As with all dividend, one have to check how sustainable the dividend policy is. Below is the graph of how dividend payout correlates against EPS of the company. From the graph, you can see that management had discipline in keep dividend payout in line with EPS. Dividend payout average at approximately 50% throughout the years. Therefore, the dividends are indeed sustainable and payout are strictly adhered to by the management.


Valuation Metrics

From Yahoo website, the P/E of Karin Tech currently stands at 8.16. For a company that is relatively low profile with not as "attractive" business, I would say that the P/E is reasonable but leaves room for upside. For P/B, I referred to POEMS Stock Analytics and yield a figure of 0.56. Both P/E and P/B indicated that the margin of safety is relatively large. A downside I identified is actually how the stock rolls with the dividend payout. For example in 2010, when 8.2 HK cents of dividend was paid, the year end price was $0.22 - 6.5% yield (ignoring currency). Market historically had priced this stock to yield high dividend, which means that upside might be limited as well.

A catalyst that warrants a share price increase is the fact that HKD, by proxy of USD had already increased against SGD. Since HKD is pegged to USD, the stronger USD meant that the earnings of the company will be higher. Also, dividends paid out by the company is denominated in HKD, which might potentially mean higher payout. Most of the time, I feel that the market do not pay much attention to currency exchange (maybe because the companies always strip of forex gain/loss anyway) but in this case where dividend is transacted in HKD, perhaps this Karin Tech might be worth a look.

I'm none the wiser about the general strength of the industry.

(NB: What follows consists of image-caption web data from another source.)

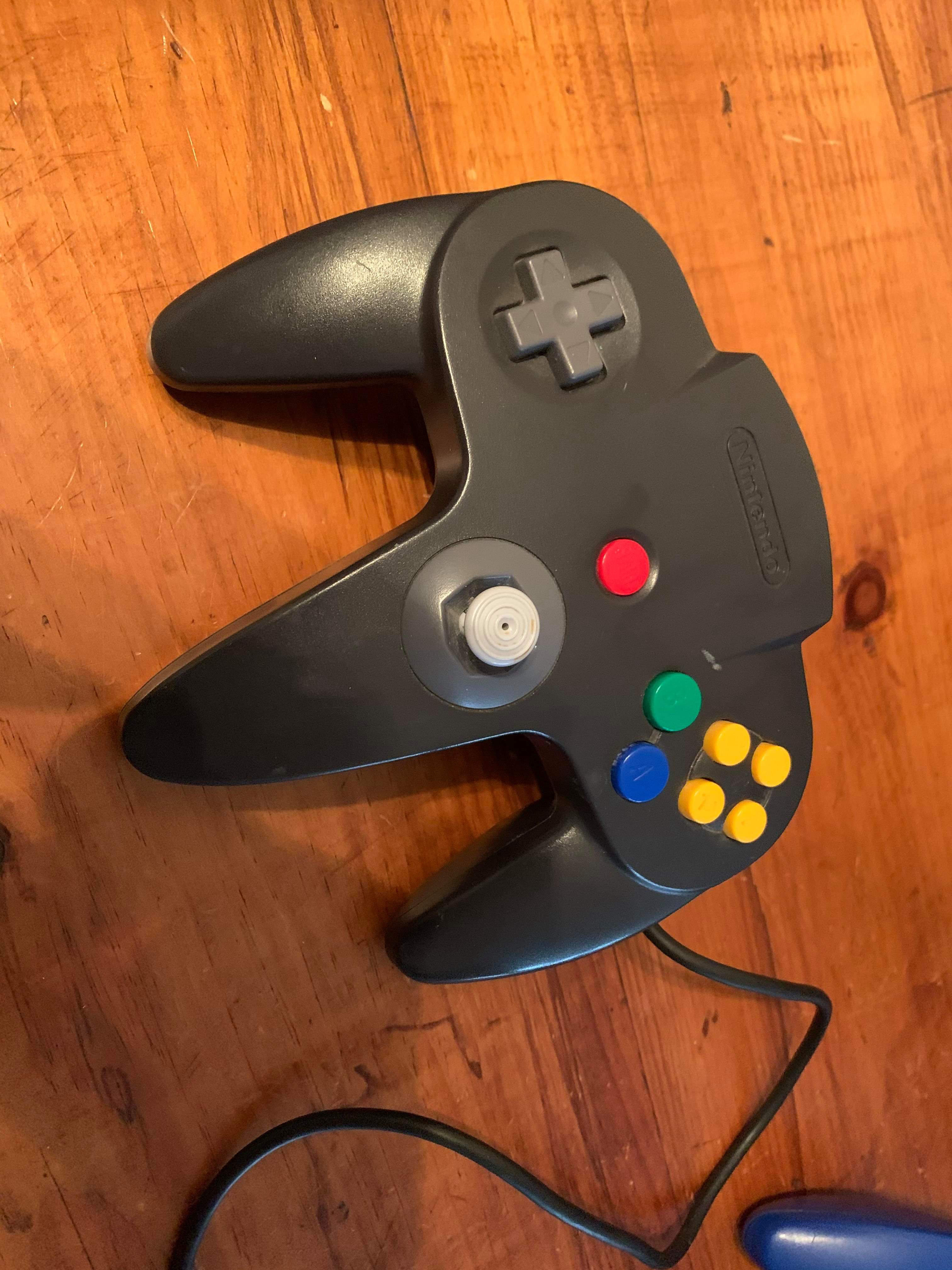 N64 Controller - Nintendo 64 (N64) (1) video game collectible - Main Image 2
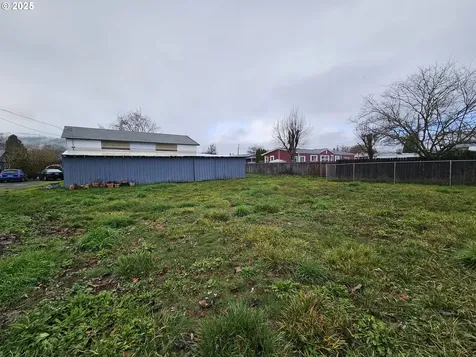2456 Austin Road Roseburg OR 97471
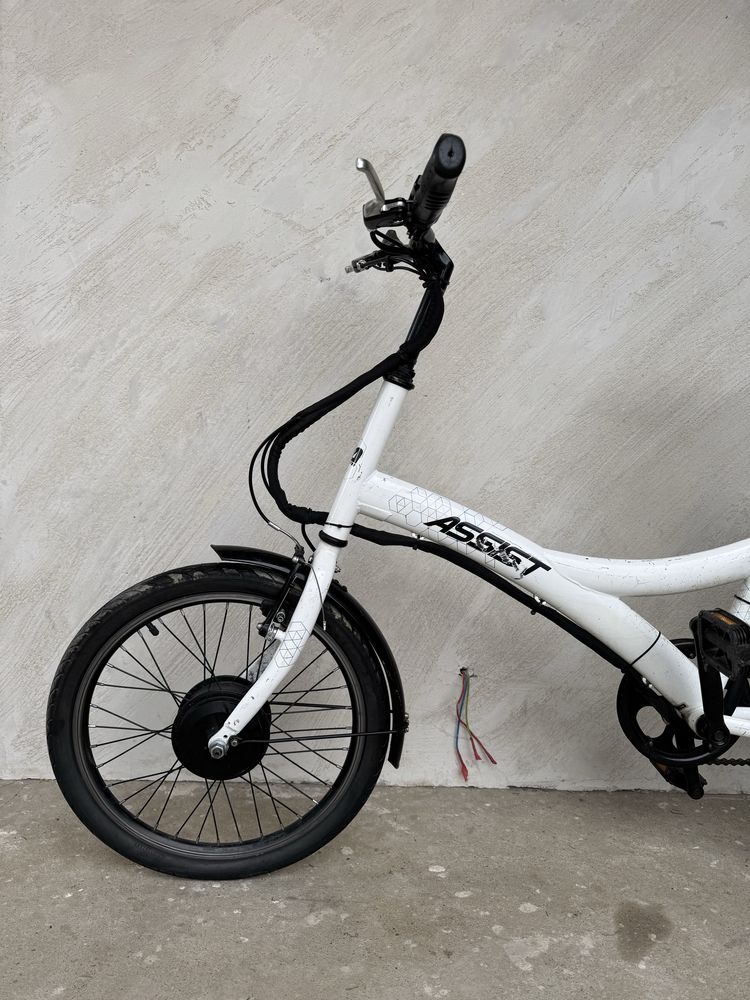 Bicicletă electrică, Assist   Motor 250W, baterie 28V.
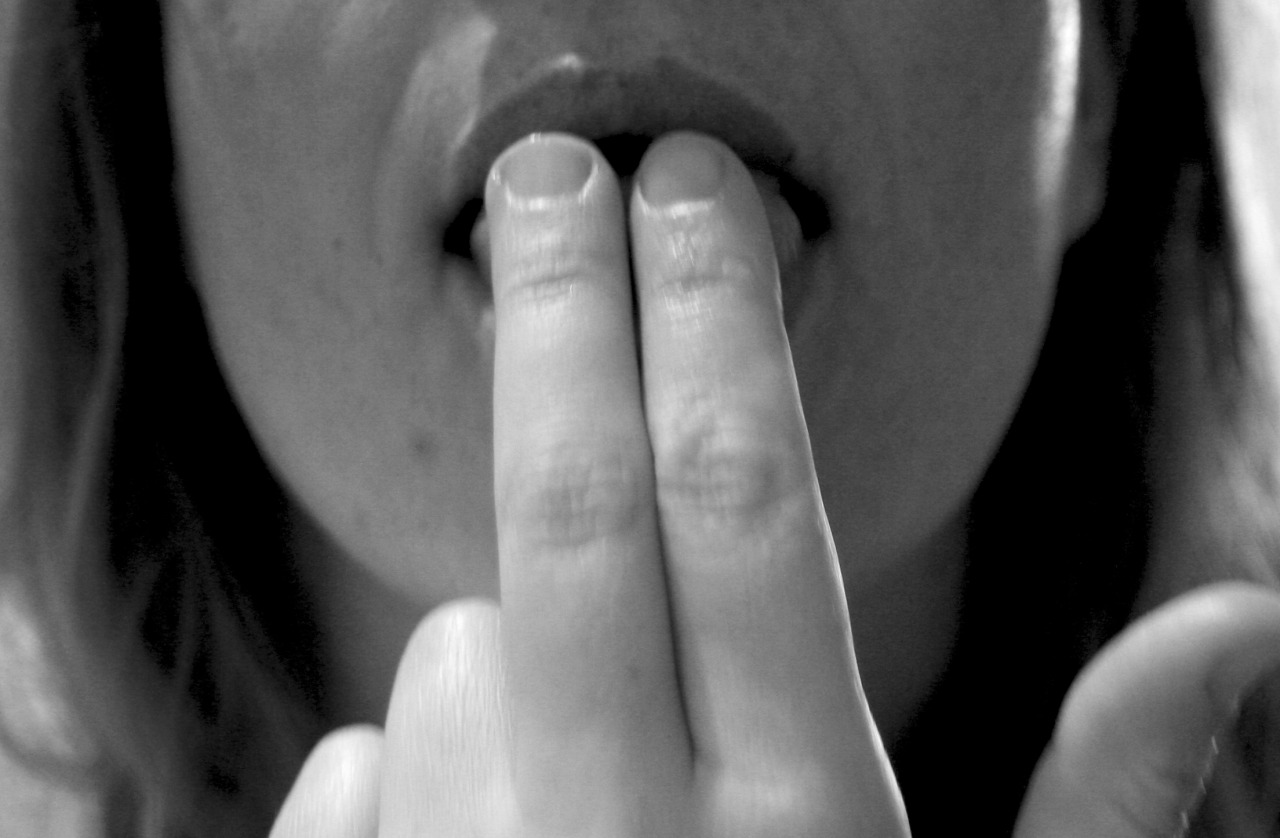 bi-tami:  makemecomeforyou:  Tastes like honey Beautiful filth  What an amazingly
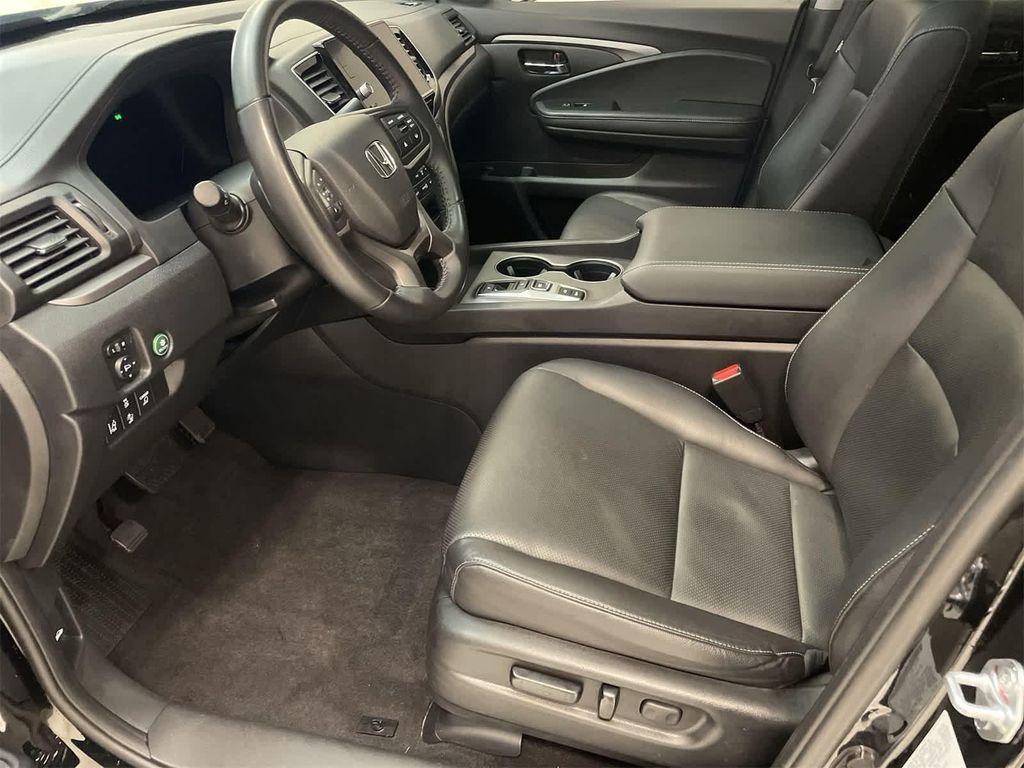 used 2025 Honda Ridgeline car, priced at $35,965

However, judging from the slowing economy in China, perhaps Karin Tech might be negatively affected by it. But, it is definitely worthwhile to note that the strength of management will make me comfortable holding the stock long-term and ride out downturns with them, all the while collecting the dividends they give out.

Valuation

The historic EPS growth between 2004 and 2015 was 5.87% annually. Projecting CAGR forward, the EPS in 2017 will hit 0.3295 HK cents or approximately $0.06. Applying the same P/E of 8, the simple projected price of Karin in 2017 should be around $0.48 (share increase in excess of 50%).

The current value arrived using Gordon Growth Model is looks even more monsterish. From Reuters, the beta of Karin Tech is 0.21. Re-using the risk-free rate and market's rate of return from previous post, the required rate of return or discount rate amounts to 3.465%. In 2005, the dividend was 6 HK cents while in 2015, it was 17.6 HK cents. Taking into account that 2015 was a record profit year, I will slightly adjust the "ending" dividend to 15 HK cents. Thus in the span of 10 years, the dividend growth of Karin was 9.6%. If you realise, the discount rate is actually lower than dividend growth and hence lead to a negative stock price (technically not possible).

Hence, an alternative will be to lower expectations and change using Constant Dividend Growth to valuate the company. Let's lower expectations even further and assumed that the upcoming year's dividend is 10 HK cents (44% drop). Using the formula, the current stock price for Karin Tech should be HK$2.89 or S$0.52.

Conclusion

 From the valuation section, you can see how horrifyingly undervalued Karin Tech is. However, there are some issues to consider. One would be the continuation of business and dividend. Will dividend continued indefinitely? Is the survival of business a cause of concern? Perhaps the growth of the entire business will be in jeopardy in the near future due to slowing economy of China.

However:

  1. P/E and P/B are very low, similar to unfavoured industry. Given that it is a high dividend yield stock, I think it should command higher valuation
  2. Business had always been profitable. Good economic moat
  3. The company had been faithfully declaring dividend for the past 10 years
  4. Recent hike in US$ (of which HK$ is pegged to) against S$, translating to higher dividend

Given all these reasons, I think Karin is  a safe bet and have taken a small position.